Je parlais gentiment coco la semaine passée. La sniffe, c’est arrivé près de chez toi: l’hypocrisie à cet égard, c’est comme la guerre et David Guetta, c’est paaaas bien. Et quand je fais mon petit people à deux balles dans les sauteries « qu’on est entre nous », j’ai parfois tendance à oublier ce que j’ai vu vendredi à l’entrée du You: quatre mini-hommes, pas vraiment mal fagotés, se fracassant les illusions sur la sècheresse du portier. Etre un petit mec avec une bouille pas bien belge, ça te facilite pas l’apprentissage du clubbing. « C’est pas possible. Soirée privée ». Le plus petit s’emporte, on voit ses nerfs: « Je vais porter plainte aussi moi. On est là, bien habillés, on a de l’argent à dépenser ». Avant de crier sa frustration comme un ptit louveteau et d’être gentiment rappelé aux douces réalités des disproportions physiques par l’un de ses sages compères: « Laisse tomber, t’as vu comment c’est un boeuf le portier? » On en débat à l’occasion?

Réflexion: il reste quoi comme vrais concepts nocturnes à Bruxelles? Genre un truc qui te retourne dans tous les sens, qui t’en met plein les dents? Je me suis demandé ça au vendredi en début de nuit, au Parc Savoy, sorte de petit frère mal nourri des Jeux d’Hiver. Dans le milieu un peu chic sur soi, fallait être à la soirée So Happy in Paris. Mais avoir le sosie de Jabba The Hut à côté du DJ booth, c’est pas un concept.

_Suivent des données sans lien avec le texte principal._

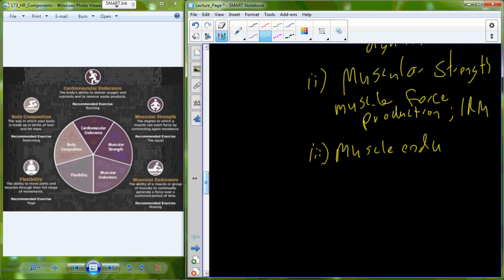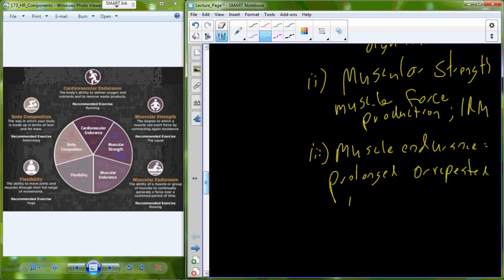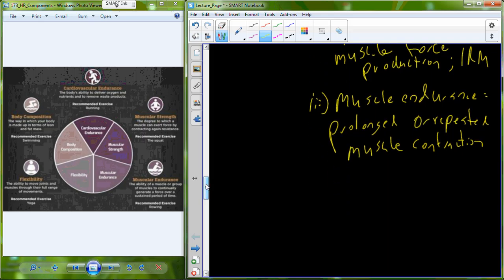The third component is muscle endurance, which is a little different from muscle strength. Muscle endurance is a measure of the muscle's ability to handle prolonged or repeated muscle contraction. We typically measure this by having individuals do as many push-ups, pull-ups, or repetitions at a certain weight as they can. The more efficient the muscle is, the better disease resistance you have and the more efficiently your muscles use metabolic processes.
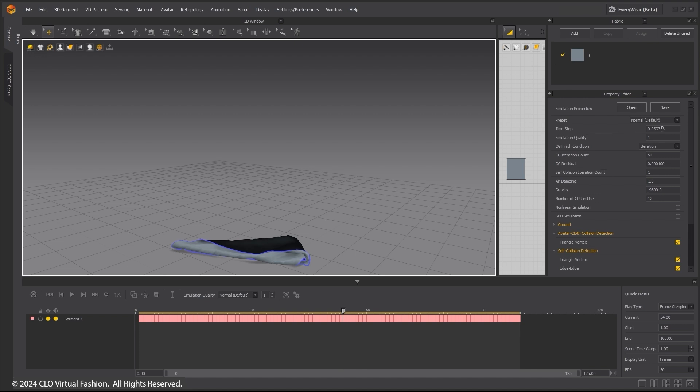Not all simulation data exported from Marvelous Designer can be used in Unreal Engine yet. However, more simulation data will be available for export in the future as this feature is upgraded.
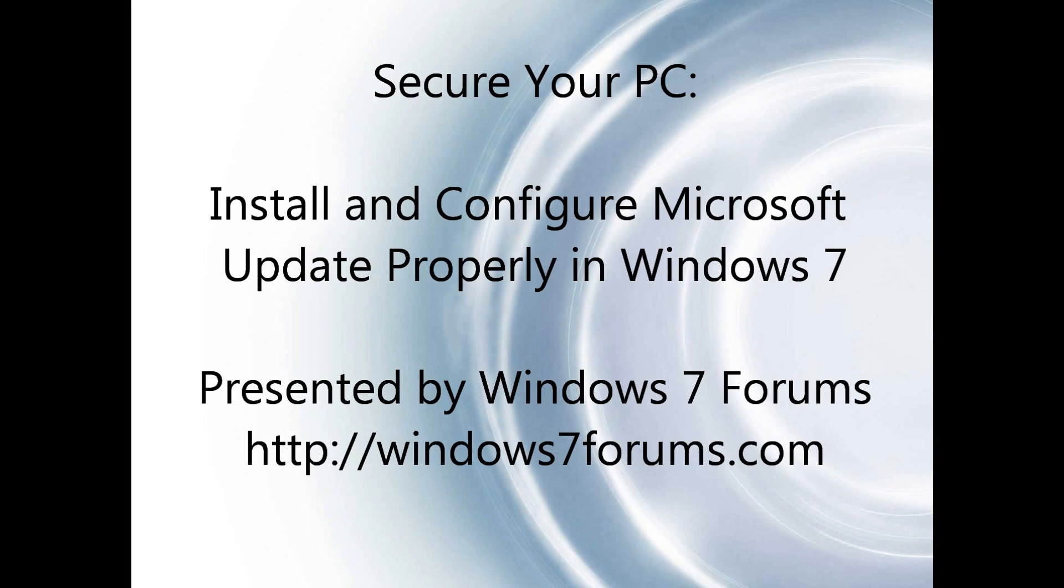Hello again, this is Mike from Windows7Forums.com. Thanks for reviewing this video.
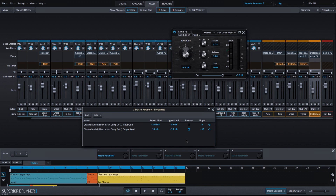I've input some values here, and if I turn the macro parameter, you're going to see the input gain and the output adjust at the same time. I've set a max and minimum level for each so it doesn't go too far on either side. As I increase the input for the compressor, I'm also decreasing the output — trying to keep the gain level about the same, but the compressor will react differently at different input levels, which should make the ambient ribbon mic sound different as well.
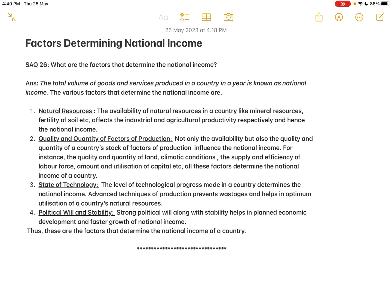There are various factors that determine the national income. The first one is natural resources. A country needs a certain quantity of natural resources in order to produce goods and services. Agricultural production requires fertile soil; industrial production requires mineral resources. The availability of natural resources is essential to produce goods and services, and affects industrial and agricultural productivity, and hence the national income.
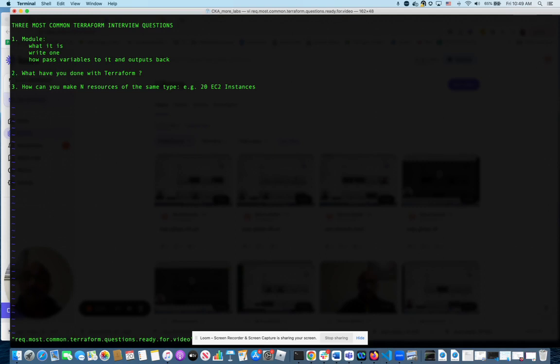After 0.13, you could use something called foreach to make the same thing happen. So these are the three most common Terraform questions I have asked, and people have asked me when I interviewed for SRE roles.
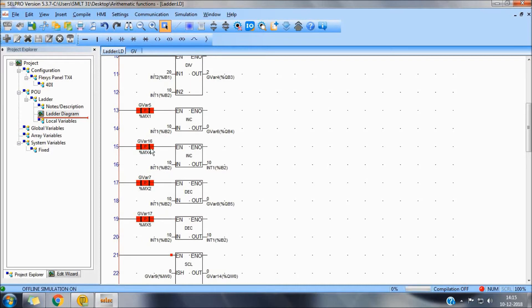To increment and decrement continuously, you can use the same variable on in and out.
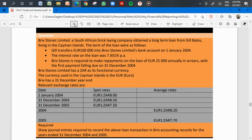Brickstones Limited is a South African entity and its functional currency is the rand. The currency used in the Cayman Islands and in Europe is the euro. The relevant spot rates and average rates are provided. The requirement is to record the above loan transactions in Brickstones' accounting records for the years ended 2004 and 2005.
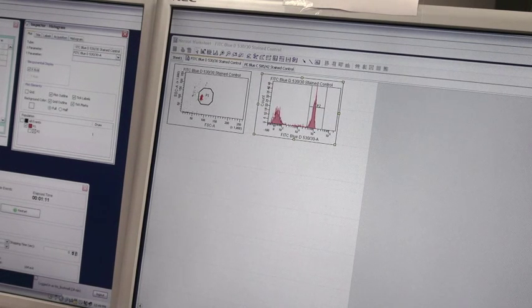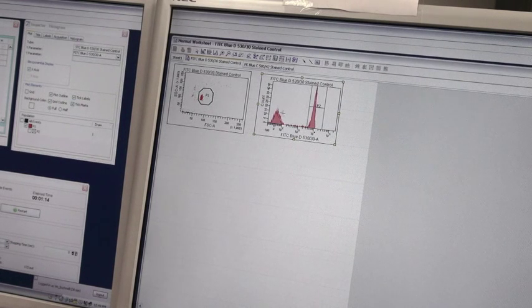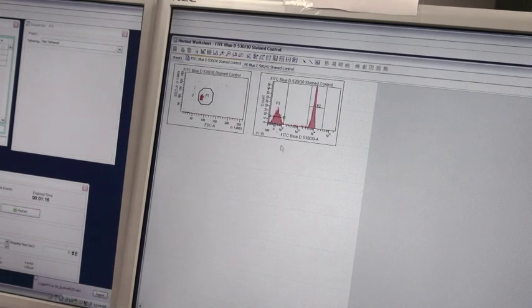To identify the negatives in this tube, we are going to use a histogram gating tool and create a P3 gate, shown here.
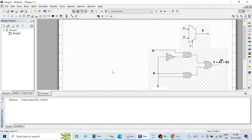A multiplexer is a data selector — it selects data from given inputs. A multiplexer has many inputs and one output, controlled using select lines. Here we are going to create a 2x1 multiplexer. A 2x1 multiplexer has two inputs and only one output, with one select line. This is how a 2x1 multiplexer symbolic diagram looks like.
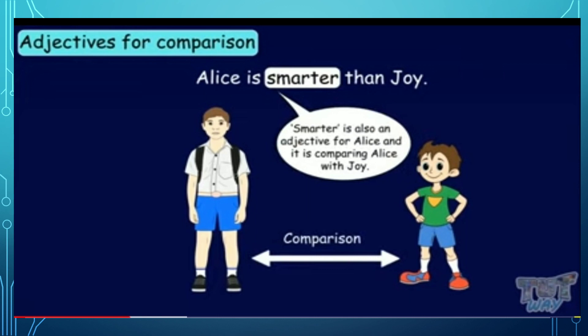Adjective for comparison — look at the picture. There are two children standing. One is named Alice and another is Joy. So I can say Alice is very smart, but if we compare with Joy, then we can say Alice is smarter than Joy. Here, smarter is also an adjective for Alice, and it is comparing Alice with Joy.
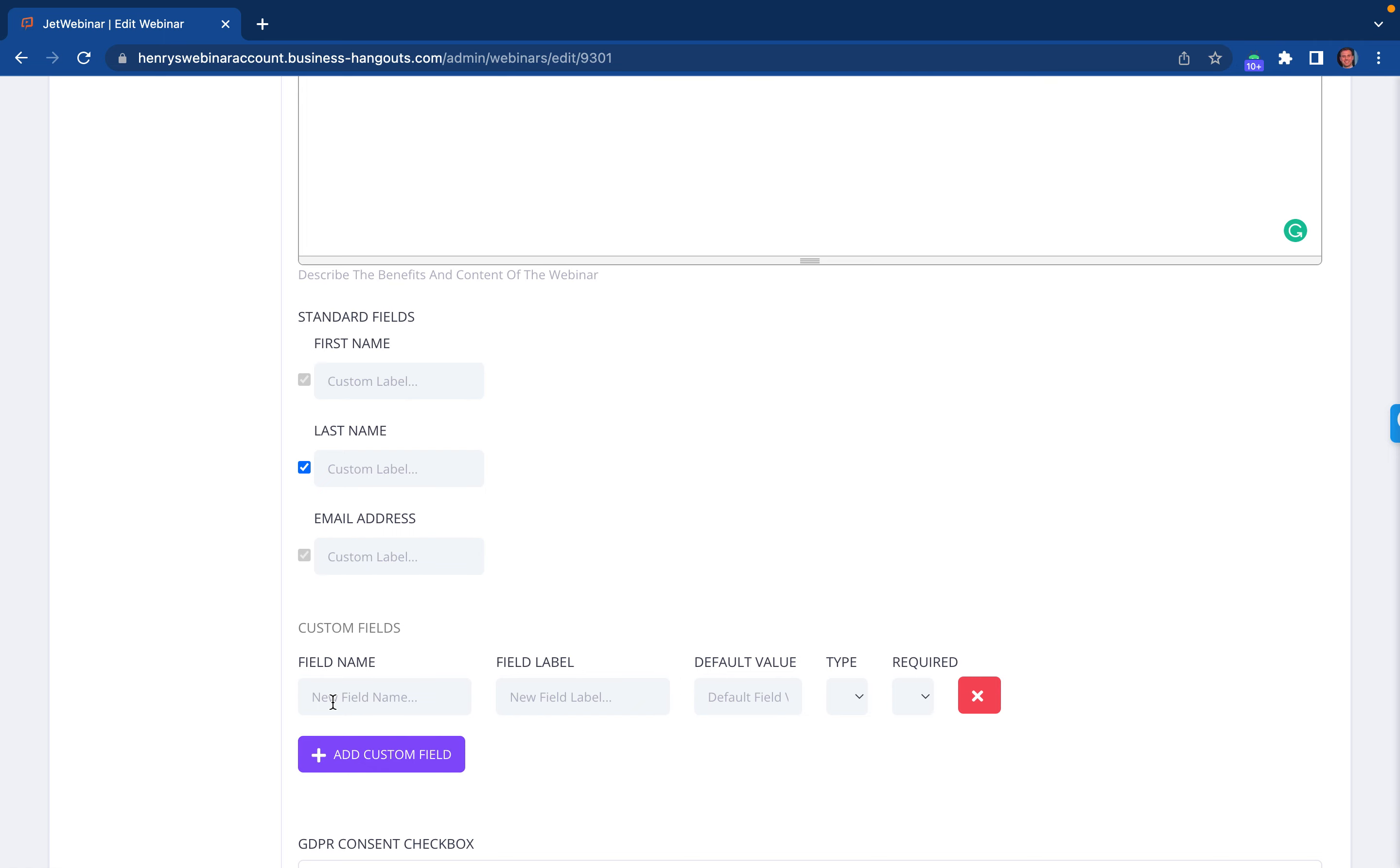And so for example, if you want this to be phone number, you would just say phone number. And then you can click here and select phone number, and that would be the process.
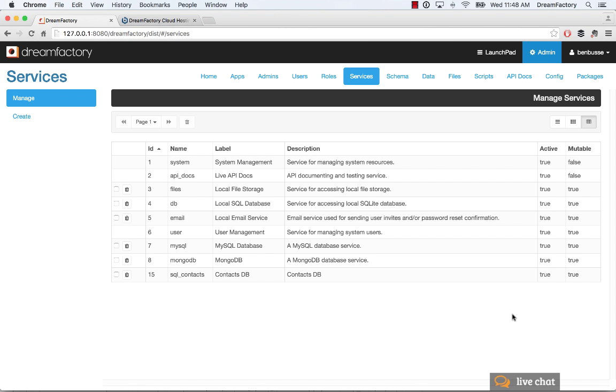Hi everyone, this is Ben with DreamFactory and in this tutorial I'm going to talk about how to use DreamFactory's built-in MySQL database.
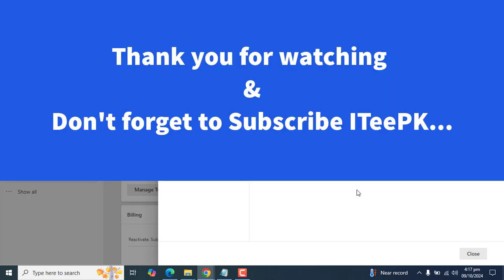Thanks for watching this simple tutorial. Keep watching and don't forget to subscribe. Take care, bye!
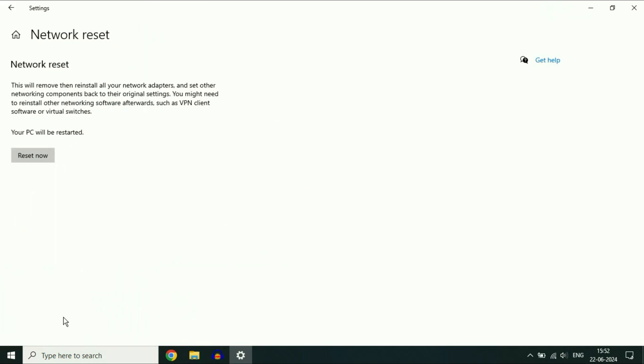Now here you will see the Reset Now option. This will reset your network settings only. In this process, there will be no data loss at all—all your data will remain safe. This will only reset your network settings. Click on Reset Now, and after that, restart your laptop. This will fix the Wi-Fi related issues.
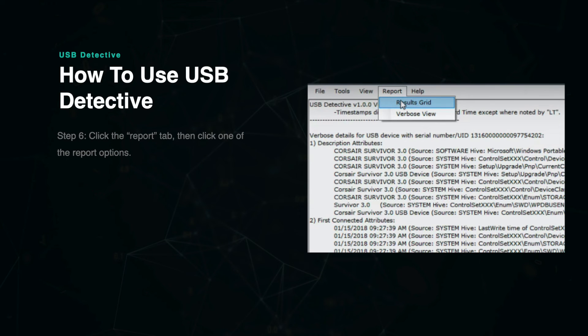USB Detective also allows you to generate reports which you can export and share with others working on the case. This is done by clicking the Reports tab on the top menu and then selecting the type of report you wish to create.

Avoir un DJ qui porte un béret Kangol blanc à l’envers, c’est un rétro-concept, mais c’est pas un concept. Des gens, un lieu, de la musique, c’est pas un concept. « Faut absolument que tu dises qu’après ton départ, Michael Canitrot (qui organisait) a mis le feu », me confiera une copine, le lendemain. Ok, mais ça reste toujours pas un concept.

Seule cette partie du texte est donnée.